In a case in which, as a result of reflection of change details in data, the value becomes a value that does not need to be compared with the other data anymore, the memory control part may exclude the data as invalid data from the data stream.

In a case in which the stored comparison target value becomes a value that does not need to be compared with other data anymore, the comparison update part may perform through output of the data without performing comparison/update.

The comparison update part may receive a comparison/update execution/non-execution determination signal in synchronization with stream data as its input and perform comparison/update of the data only when the comparison/update execution/non-execution determination signal indicates execution.
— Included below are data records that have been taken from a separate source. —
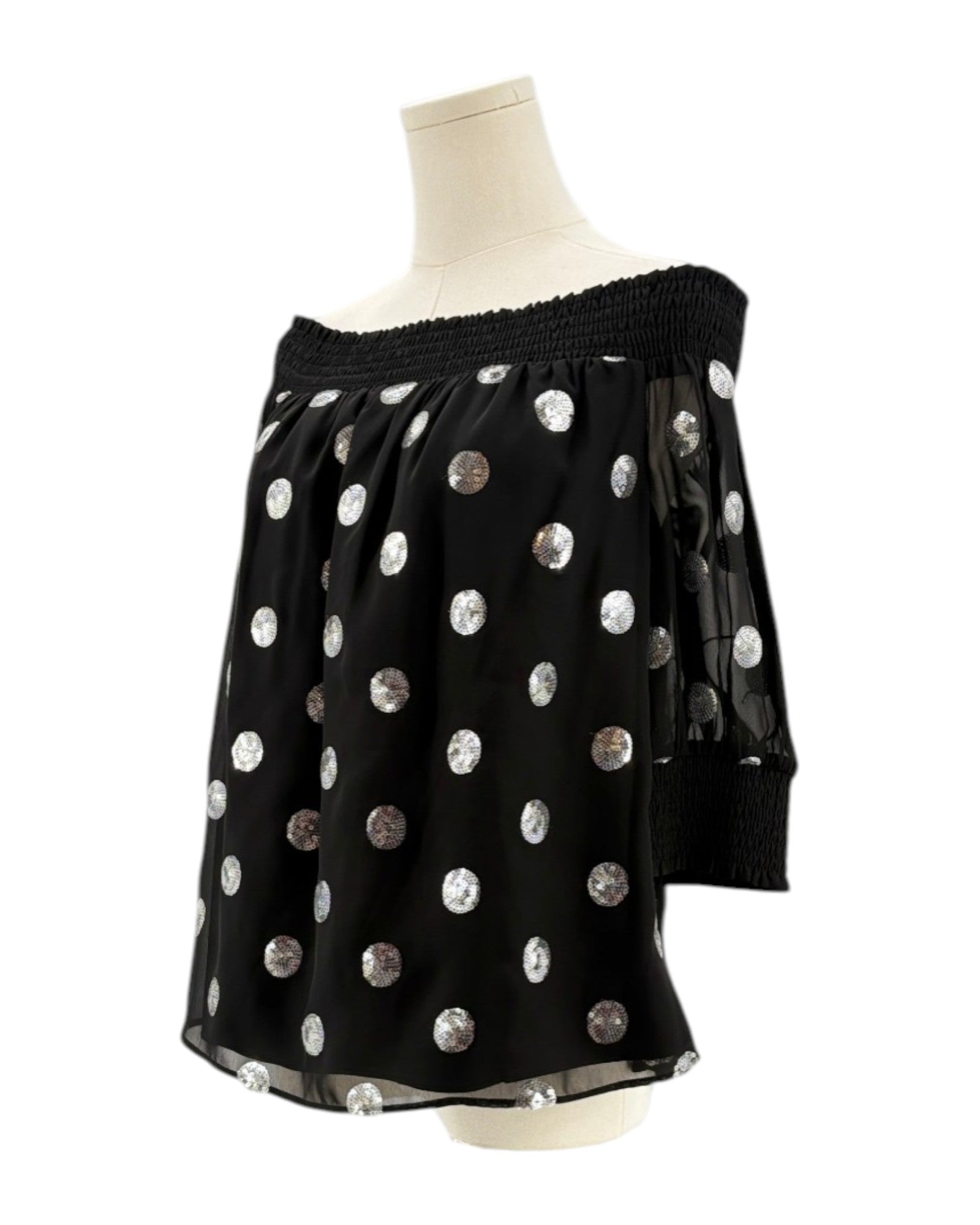 Milly black off-shoulder top with silver sequin polka dots on a mannequin against a white background
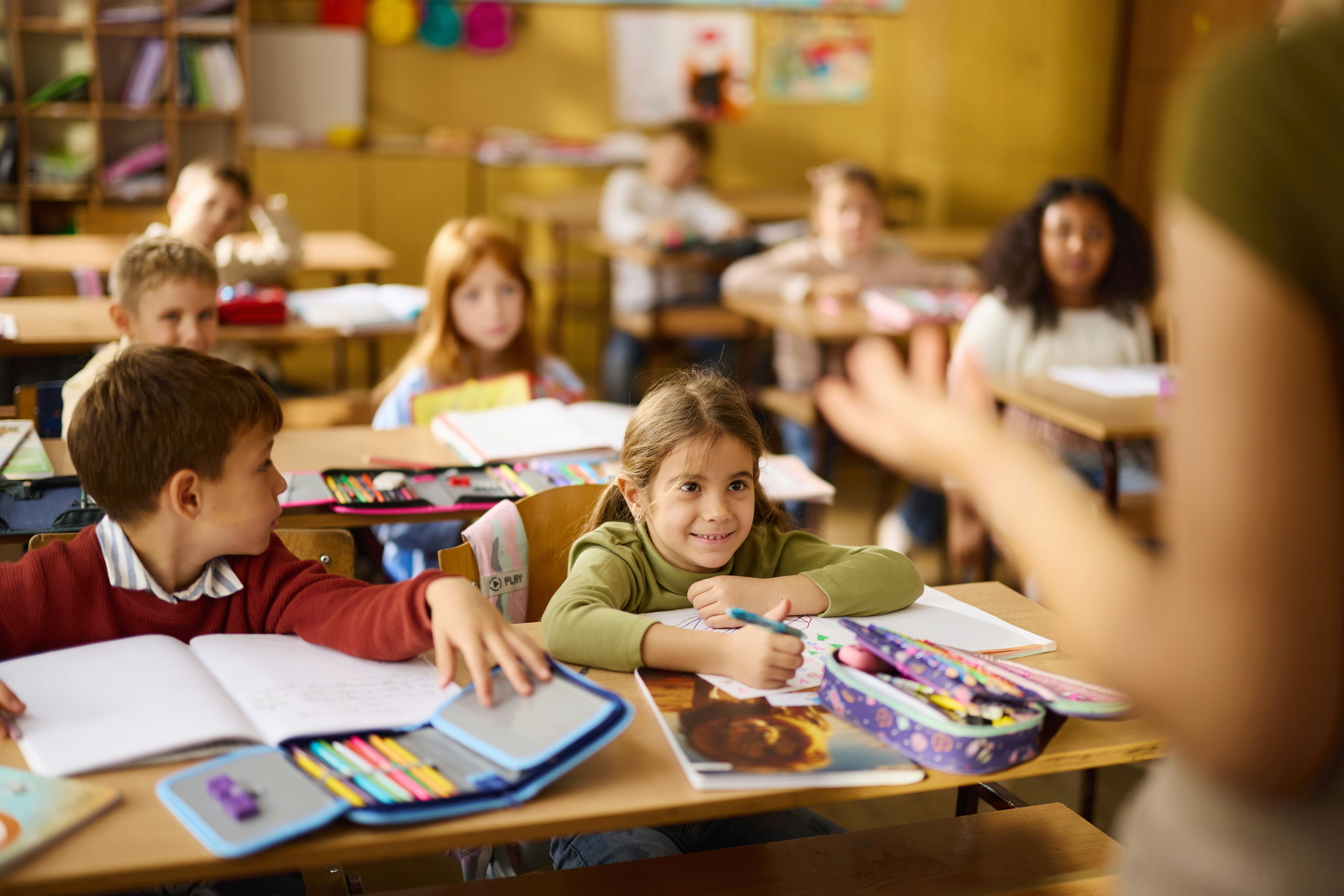 Large group of students paying attention on a class at elementary school. Focus is on happy girl.
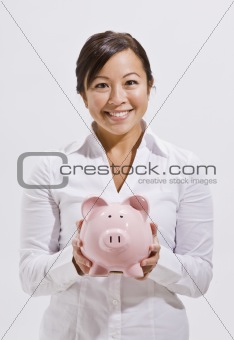 Beautiful Asian Woman Holding Piggy Bank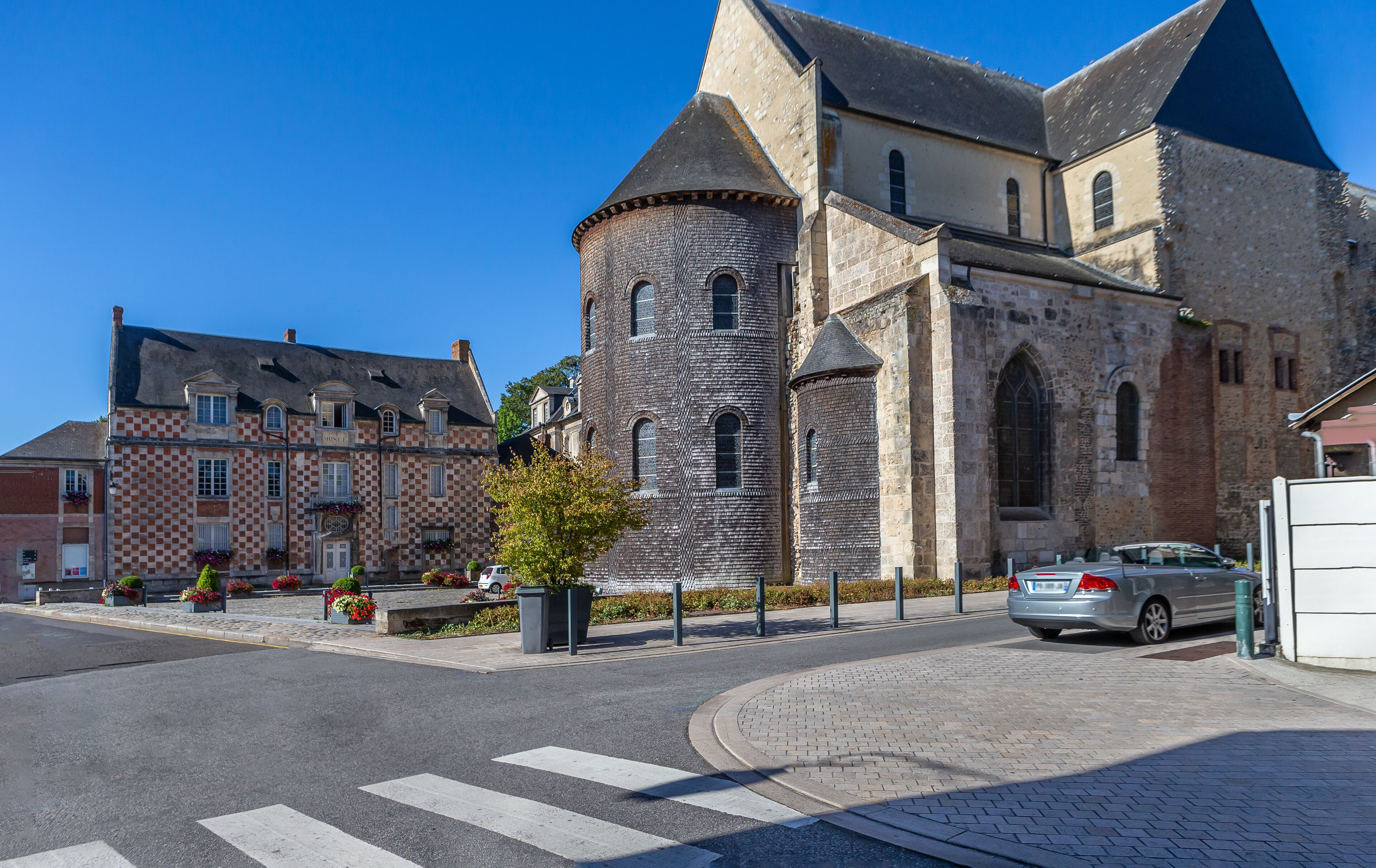 A historic church with a prominent tower and a checkered facade.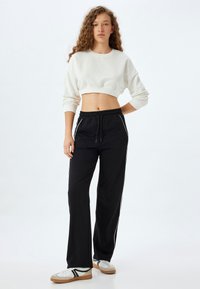 Felpa bianca corta con maniche lunghe, abbinata a pantaloni neri a gamba larga con strisce bianche laterali e vita elastica. Sneakers casual incluse.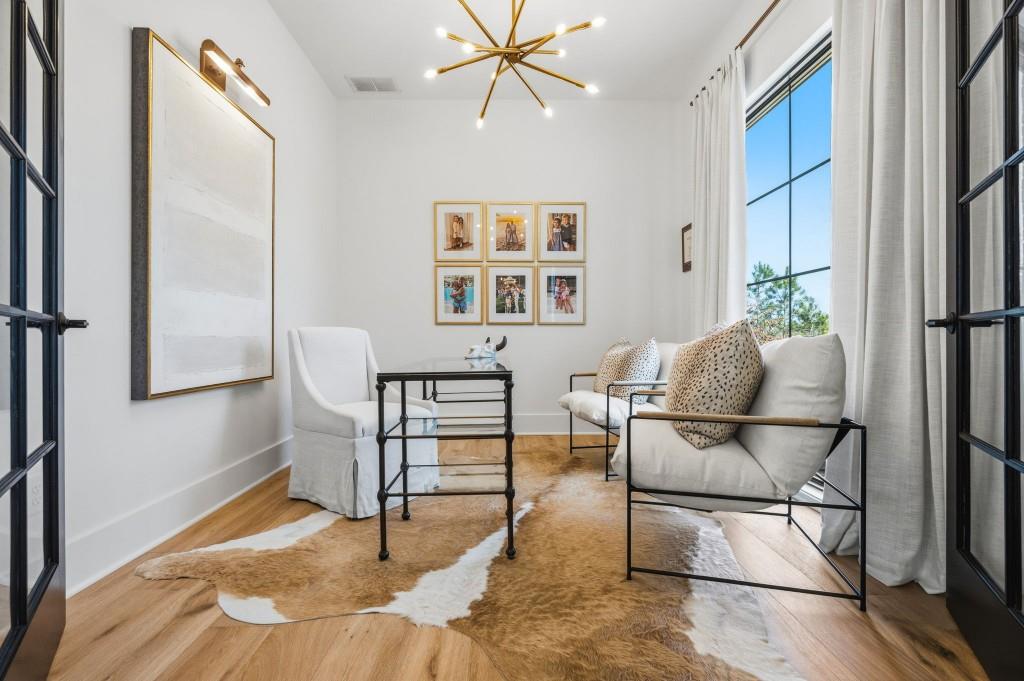 287 Mountain View Ridge Northwest Marietta, GA 30064 - Photo 11 of 77 a living room with furniture a rug and white walls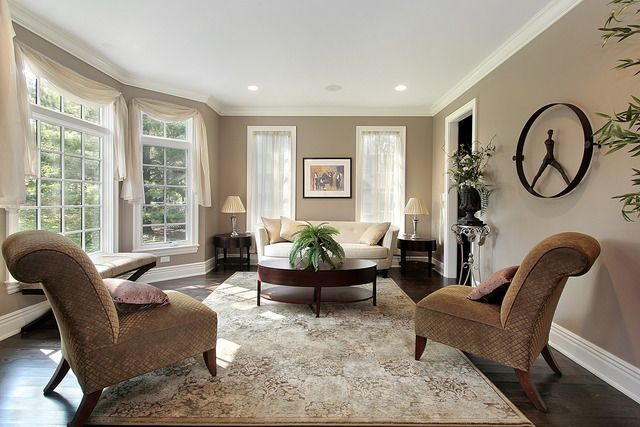 A living room with two chairs and a couch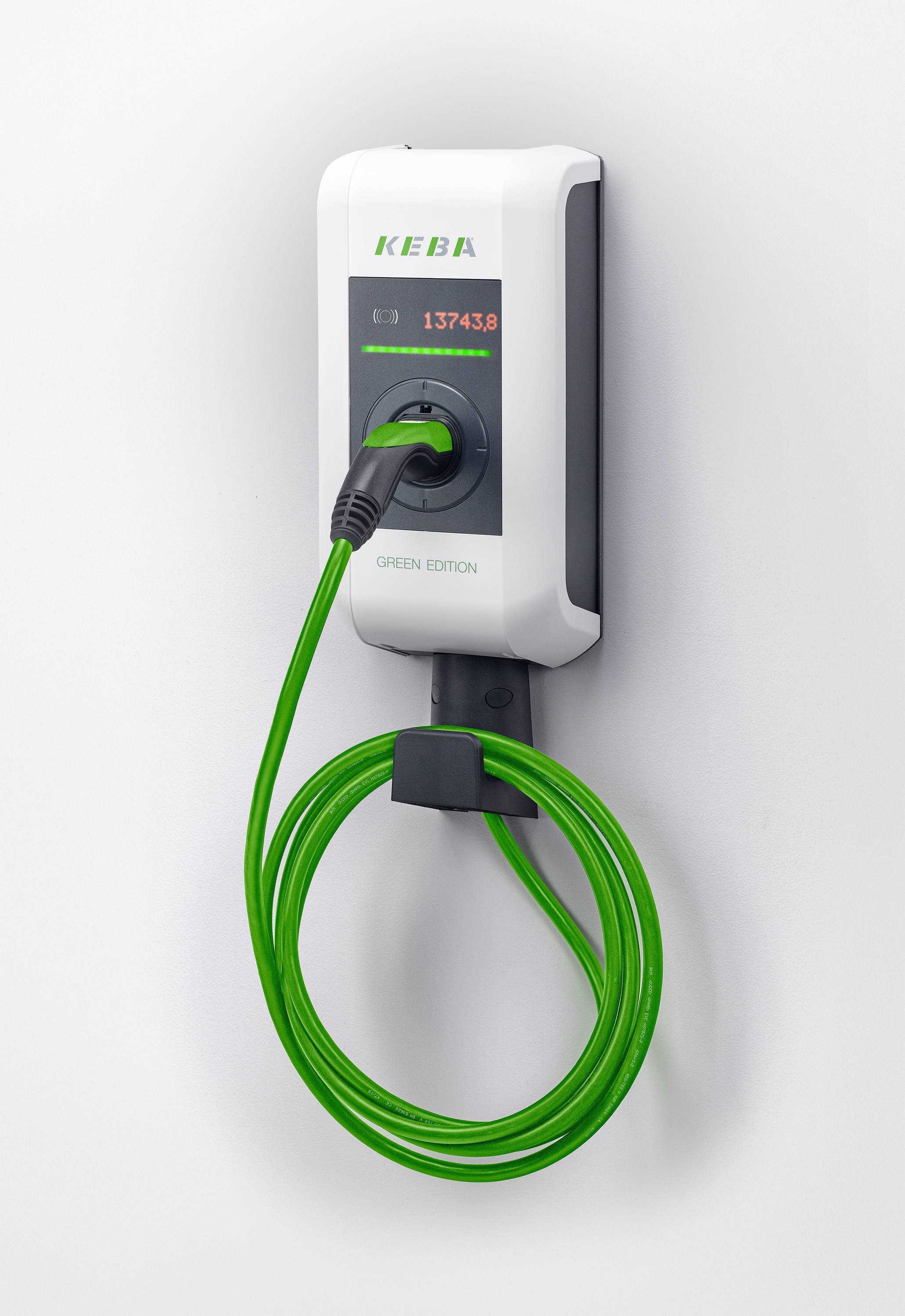 An der Wand montiertes KEBA-Elektrofahrzeug-Ladegerät mit hellgrünem Kabel, das darunter aufgewickelt ist, auf einfachem weißem Hintergrund.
The information set may be an information set formed from a feature quantity of a subject in a subject estimating process of a later stage of a CNN using deep learning, each information set may include class reliability information having independent elements of M dimensions, the arithmetic operation processing device may further include a position/size information storage buffer in which a position and a size of a detected subject are stored having 1:1 correspondence with the class reliability information, in which the comparison/update performed by the comparison update part may be an operation of comparing values of the class reliability information for each dimension and substituting a smaller value with zero, zero information stored in the zero information buffer may be information that can be used for determining whether or not a value of the class reliability information for each dimension is zero, and the comparison update part may calculate an IOU that is a numerical value representing an overlapping degree of frames from the position/size information corresponding to the class reliability information to be compared and perform comparison/update only when the IOU is equal to or greater than a predetermined threshold.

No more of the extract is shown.